Aim of the task: An exact copy is needed of the lines in the entries below from the line with "NovX Cross Trainer/Competition" up to and including the line with "casco al design", and of nothing else. Leave the pictures out.
Record excerpts Block Start
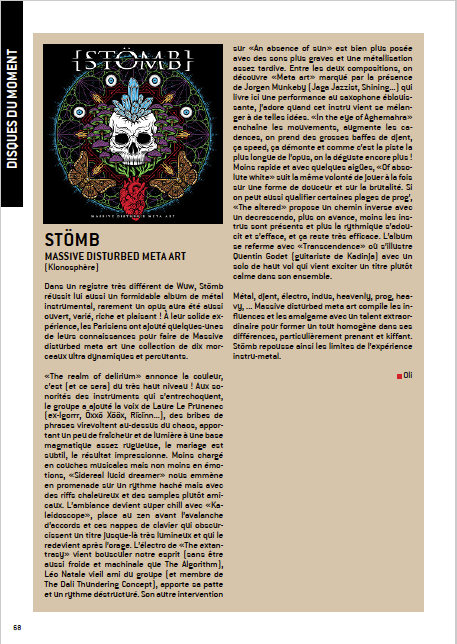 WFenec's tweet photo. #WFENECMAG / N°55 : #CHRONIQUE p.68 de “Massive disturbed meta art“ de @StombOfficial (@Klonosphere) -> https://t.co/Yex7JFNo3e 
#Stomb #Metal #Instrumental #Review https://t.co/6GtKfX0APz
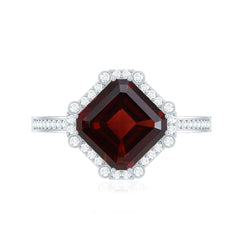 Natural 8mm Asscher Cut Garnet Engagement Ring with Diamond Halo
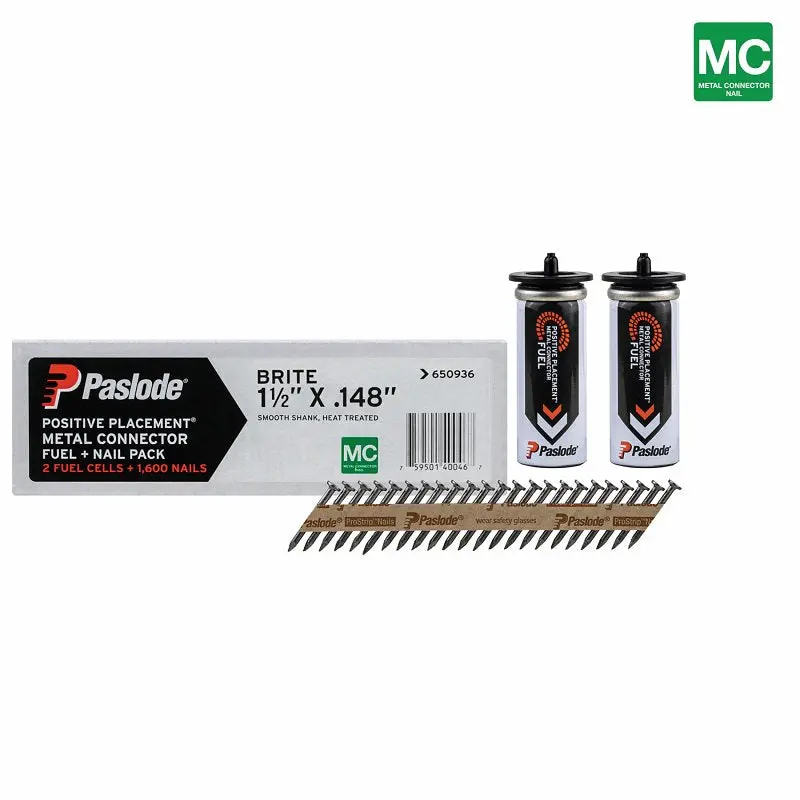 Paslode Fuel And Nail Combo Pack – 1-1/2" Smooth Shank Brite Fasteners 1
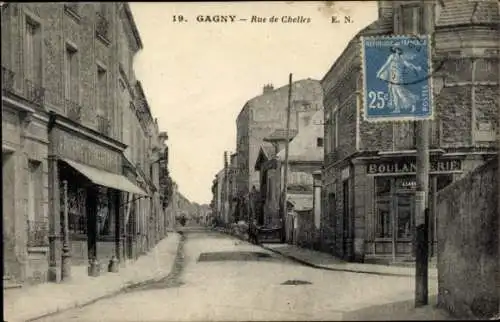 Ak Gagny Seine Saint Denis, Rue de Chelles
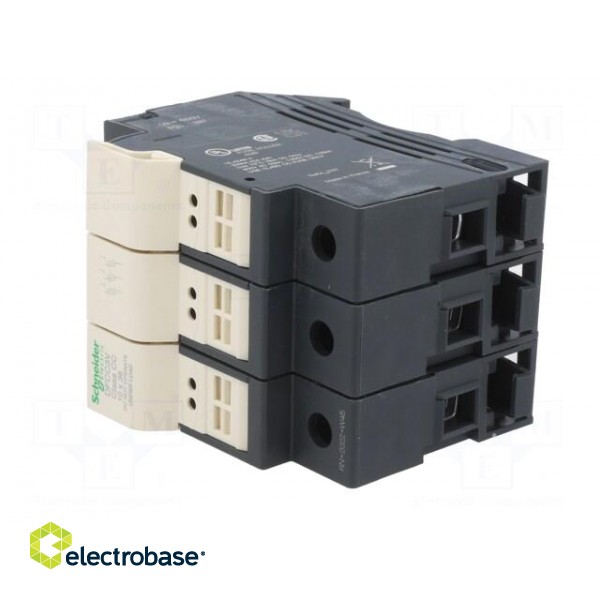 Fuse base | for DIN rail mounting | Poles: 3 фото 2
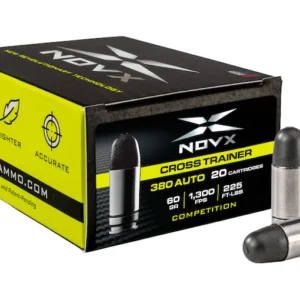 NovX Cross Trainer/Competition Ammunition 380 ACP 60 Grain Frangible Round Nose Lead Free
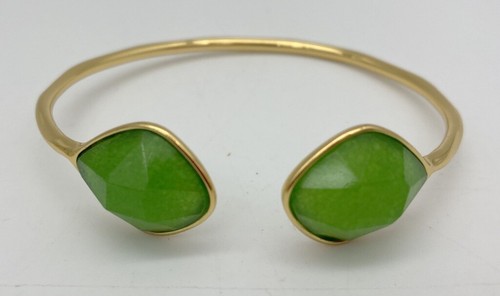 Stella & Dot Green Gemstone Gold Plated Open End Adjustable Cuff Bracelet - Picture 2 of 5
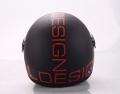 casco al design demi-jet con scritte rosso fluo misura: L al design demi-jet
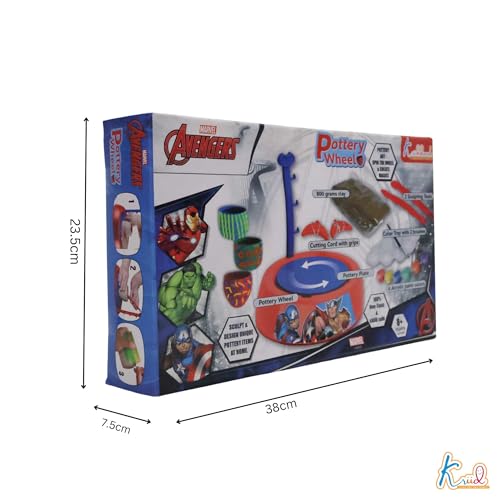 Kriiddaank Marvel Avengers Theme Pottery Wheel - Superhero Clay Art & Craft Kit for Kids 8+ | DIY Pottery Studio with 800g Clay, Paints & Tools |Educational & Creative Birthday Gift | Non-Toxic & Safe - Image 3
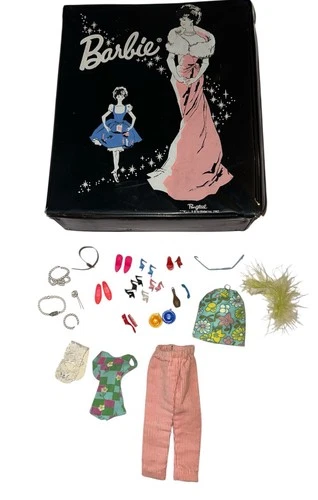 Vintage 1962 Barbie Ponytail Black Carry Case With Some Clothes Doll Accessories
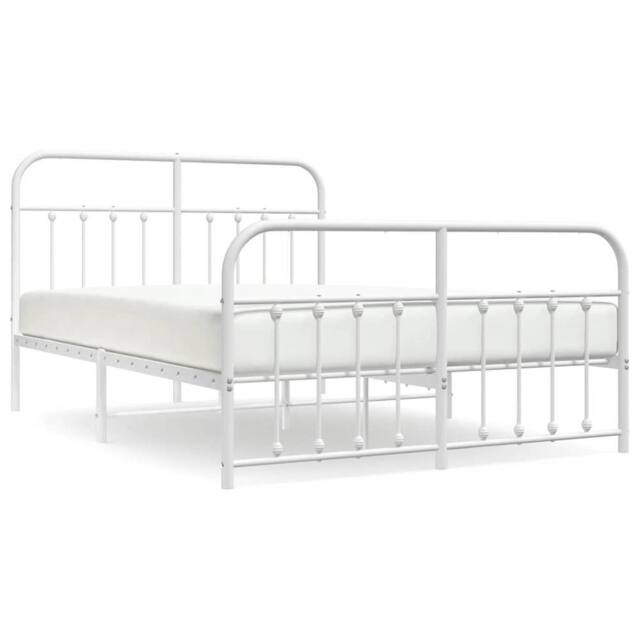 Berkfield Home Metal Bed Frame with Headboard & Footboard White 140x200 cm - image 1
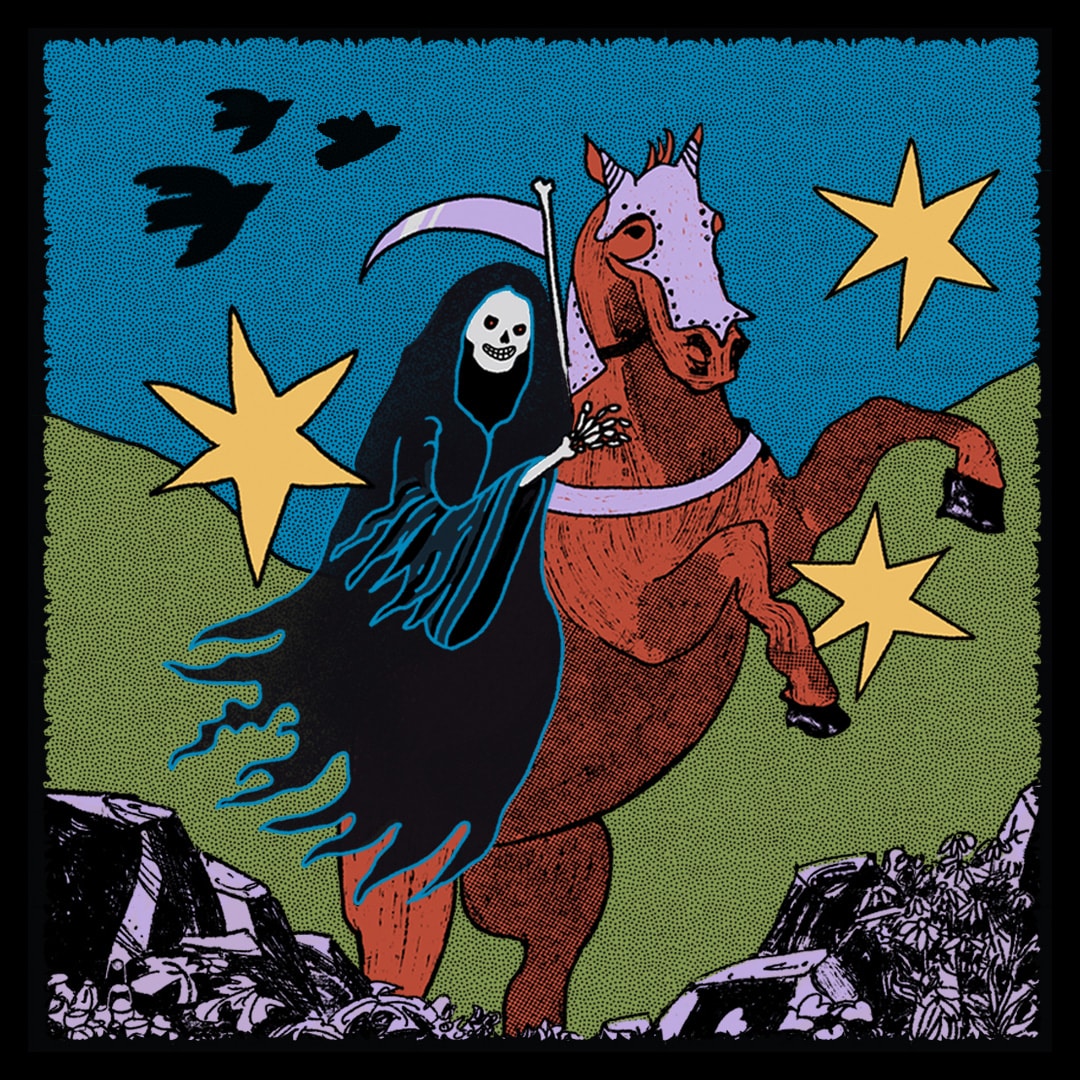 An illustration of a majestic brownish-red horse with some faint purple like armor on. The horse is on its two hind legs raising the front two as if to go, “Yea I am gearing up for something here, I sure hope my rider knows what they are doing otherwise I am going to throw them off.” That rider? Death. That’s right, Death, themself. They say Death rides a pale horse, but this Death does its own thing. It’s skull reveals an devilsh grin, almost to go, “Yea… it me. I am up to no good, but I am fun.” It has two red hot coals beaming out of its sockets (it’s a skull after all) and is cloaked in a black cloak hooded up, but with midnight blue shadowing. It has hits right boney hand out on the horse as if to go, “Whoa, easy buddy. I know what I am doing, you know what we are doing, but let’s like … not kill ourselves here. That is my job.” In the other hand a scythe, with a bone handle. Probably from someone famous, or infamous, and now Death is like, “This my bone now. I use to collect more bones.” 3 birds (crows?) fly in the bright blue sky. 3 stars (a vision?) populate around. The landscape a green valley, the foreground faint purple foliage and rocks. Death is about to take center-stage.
Record excerpts Block End
Record excerpts Block Start
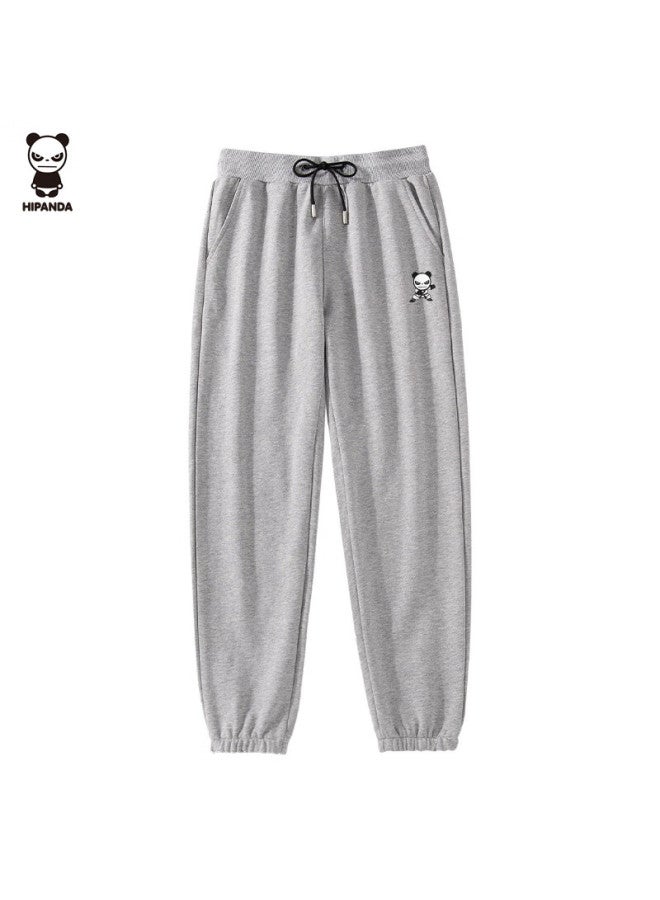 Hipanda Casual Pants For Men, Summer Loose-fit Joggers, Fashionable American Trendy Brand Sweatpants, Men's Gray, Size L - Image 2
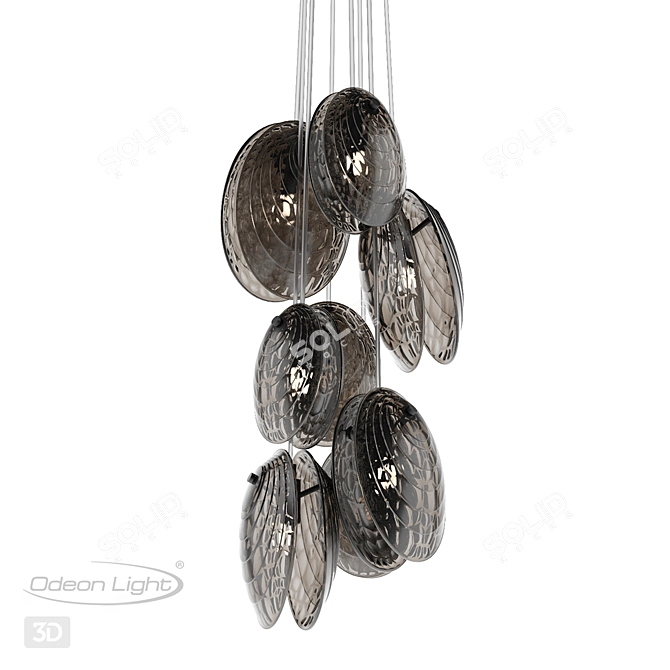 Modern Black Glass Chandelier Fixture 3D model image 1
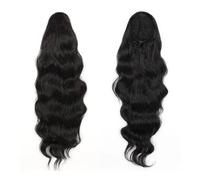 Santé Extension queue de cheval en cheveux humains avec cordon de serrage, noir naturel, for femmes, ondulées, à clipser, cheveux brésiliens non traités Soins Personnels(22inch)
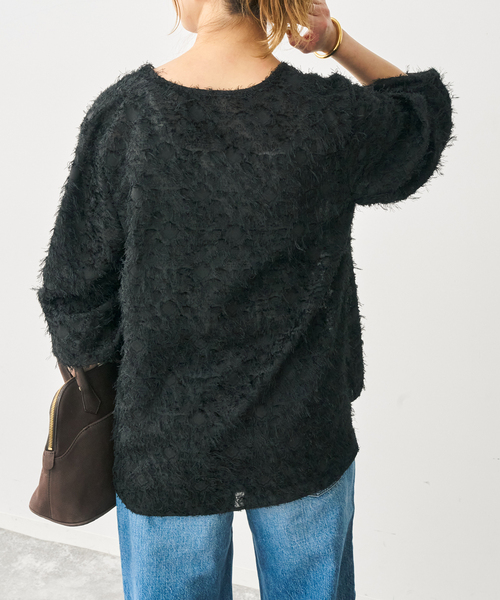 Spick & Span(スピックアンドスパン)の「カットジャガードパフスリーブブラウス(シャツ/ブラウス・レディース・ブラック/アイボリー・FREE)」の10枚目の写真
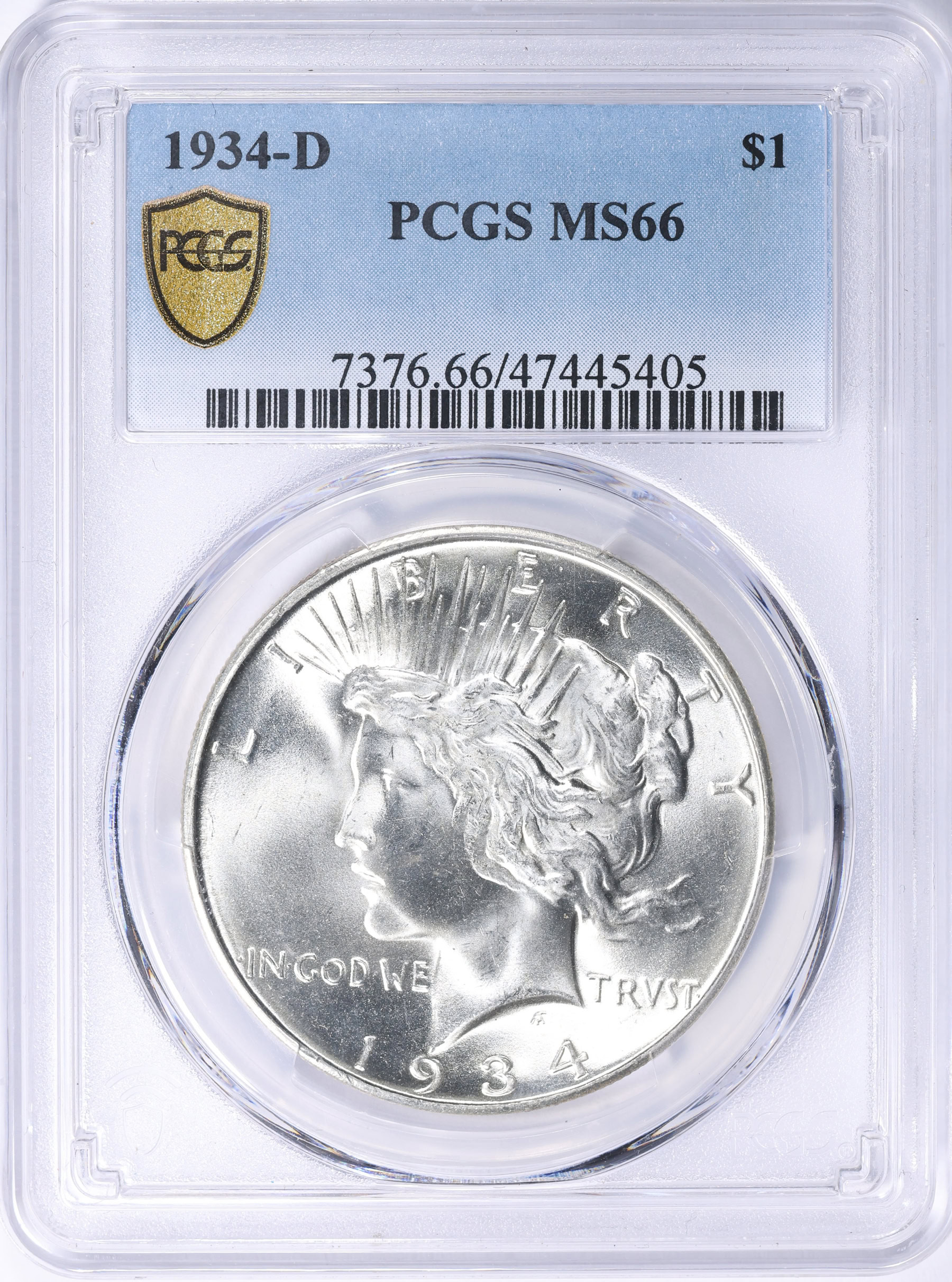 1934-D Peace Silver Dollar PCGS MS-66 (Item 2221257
Record excerpts Block End
Record excerpts Block Start
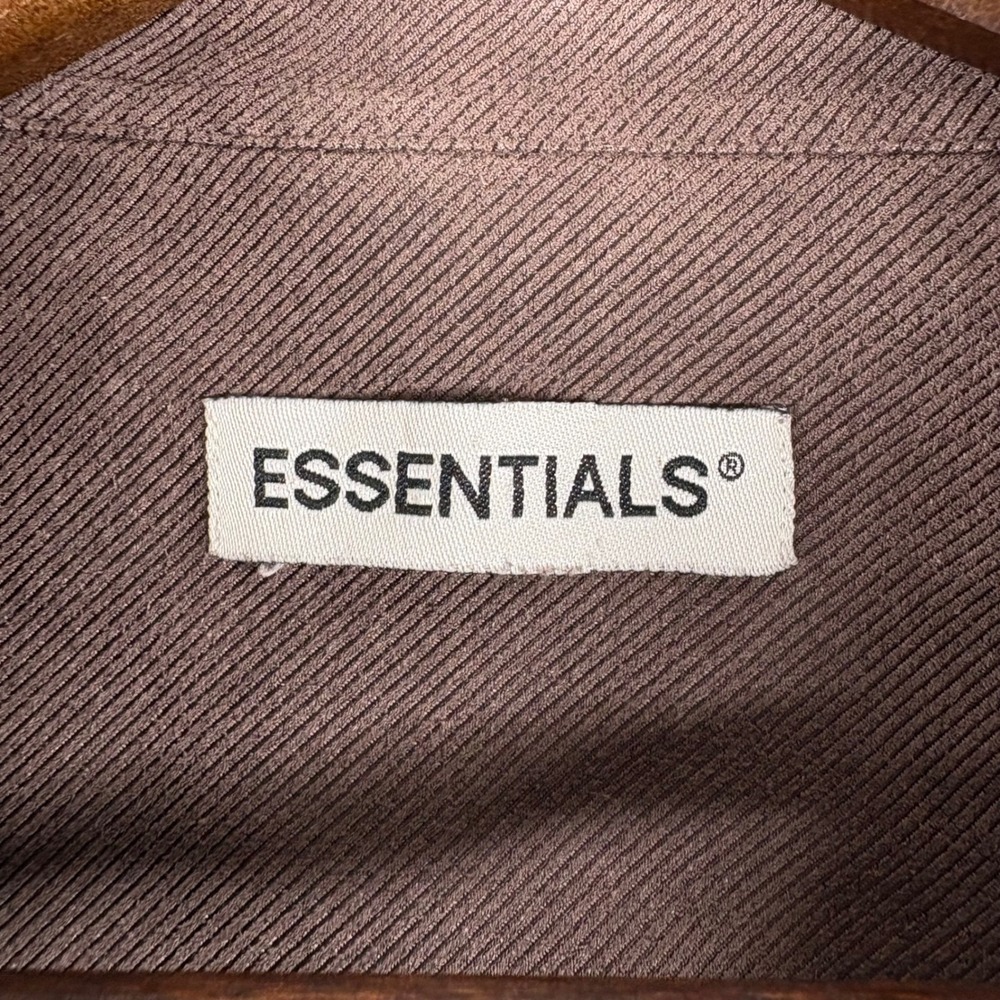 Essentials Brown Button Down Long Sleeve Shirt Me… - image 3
Record excerpts Block End
Result of this task:
 NovX Cross Trainer/Competition Ammunition 380 ACP 60 Grain Frangible Round Nose Lead Free
 Stella & Dot Green Gemstone Gold Plated Open End Adjustable Cuff Bracelet - Picture 2 of 5
 casco al design demi-jet con scritte rosso fluo misura: L al design demi-jet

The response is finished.